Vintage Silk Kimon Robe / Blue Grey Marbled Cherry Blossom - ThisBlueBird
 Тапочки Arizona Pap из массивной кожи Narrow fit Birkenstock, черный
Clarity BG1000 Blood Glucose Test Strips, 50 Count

* * *

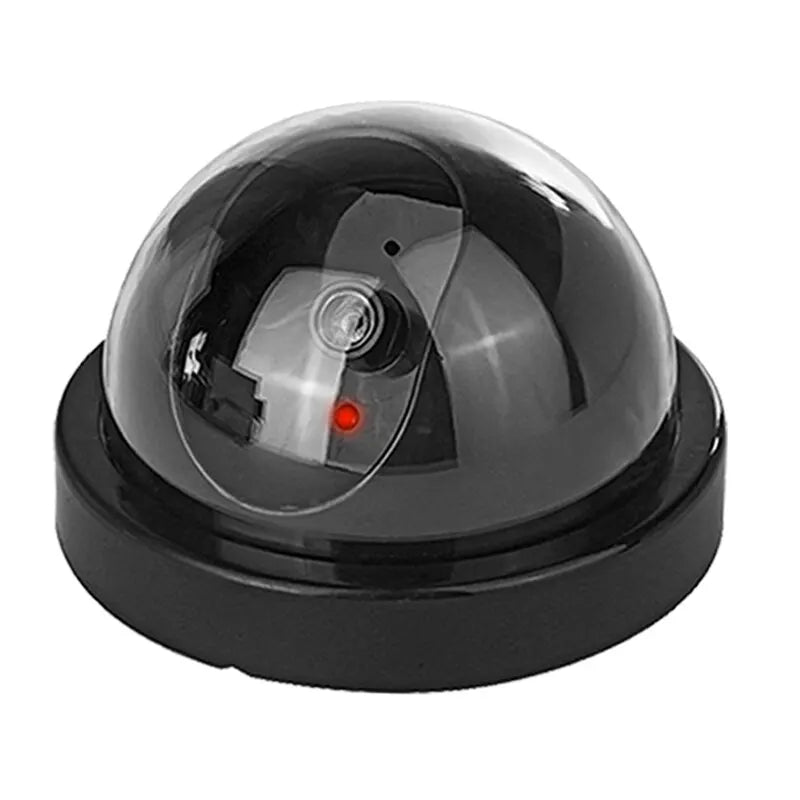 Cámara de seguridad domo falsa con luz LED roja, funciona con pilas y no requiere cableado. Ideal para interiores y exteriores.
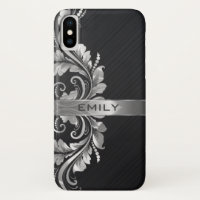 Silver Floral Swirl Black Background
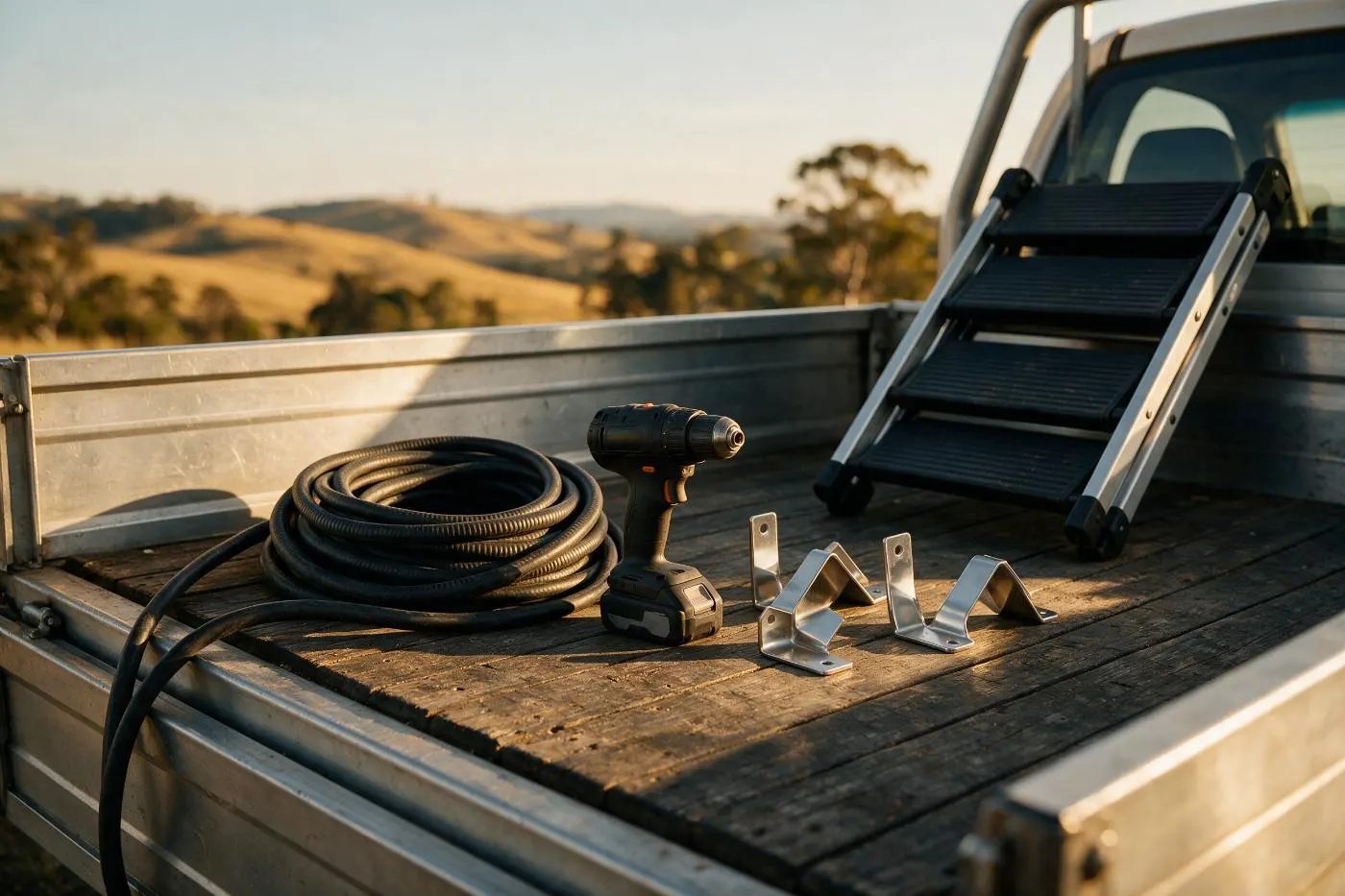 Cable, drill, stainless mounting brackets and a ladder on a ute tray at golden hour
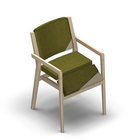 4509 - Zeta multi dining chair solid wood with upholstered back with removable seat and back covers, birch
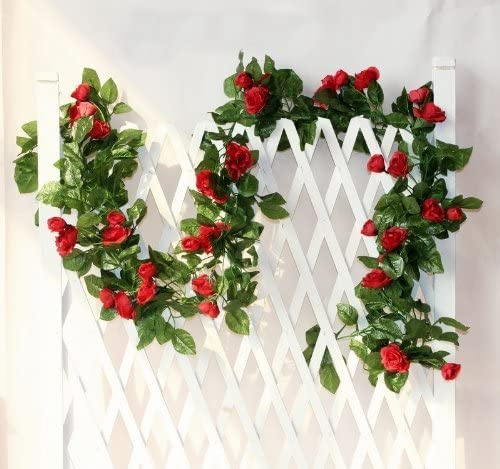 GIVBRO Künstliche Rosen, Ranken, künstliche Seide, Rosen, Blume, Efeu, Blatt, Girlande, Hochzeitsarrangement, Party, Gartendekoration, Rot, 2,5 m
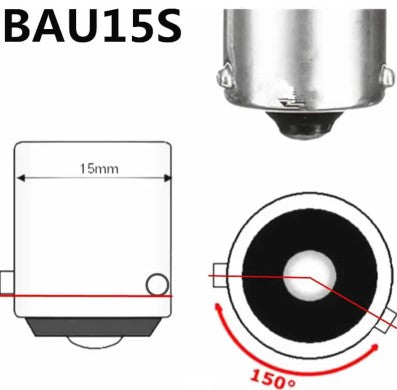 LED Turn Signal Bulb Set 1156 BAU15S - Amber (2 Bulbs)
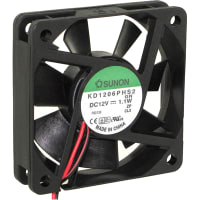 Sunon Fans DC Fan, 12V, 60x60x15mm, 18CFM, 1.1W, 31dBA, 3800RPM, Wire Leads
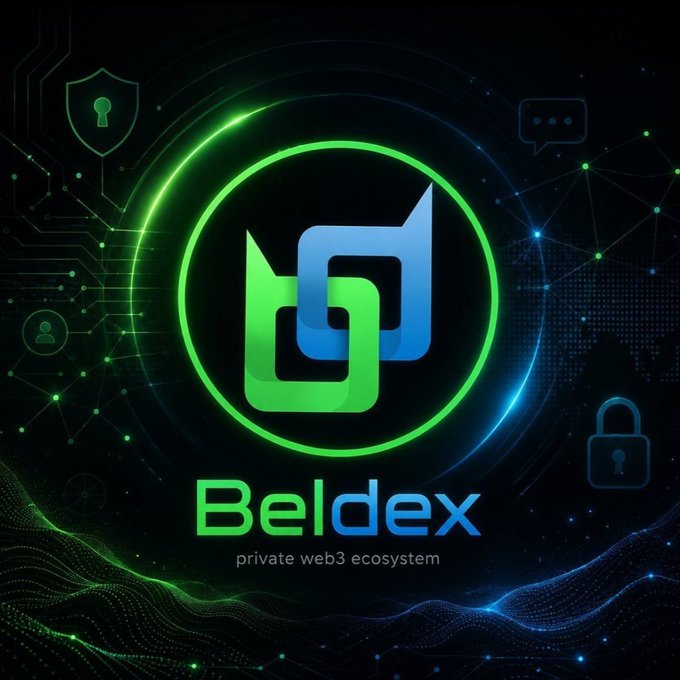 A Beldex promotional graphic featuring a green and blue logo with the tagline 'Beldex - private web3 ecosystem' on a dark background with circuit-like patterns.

EXERCISE PROMPT ->
Within the entries above, give again exactly the lines starting at the one that contains "LED Turn Signal" and ending at the one that contains "A Beldex promotional", leaving out the pictures.

RESPONSE BOX ->
 LED Turn Signal Bulb Set 1156 BAU15S - Amber (2 Bulbs)
 Sunon Fans DC Fan, 12V, 60x60x15mm, 18CFM, 1.1W, 31dBA, 3800RPM, Wire Leads
 A Beldex promotional graphic featuring a green and blue logo with the tagline 'Beldex - private web3 ecosystem' on a dark background with circuit-like patterns.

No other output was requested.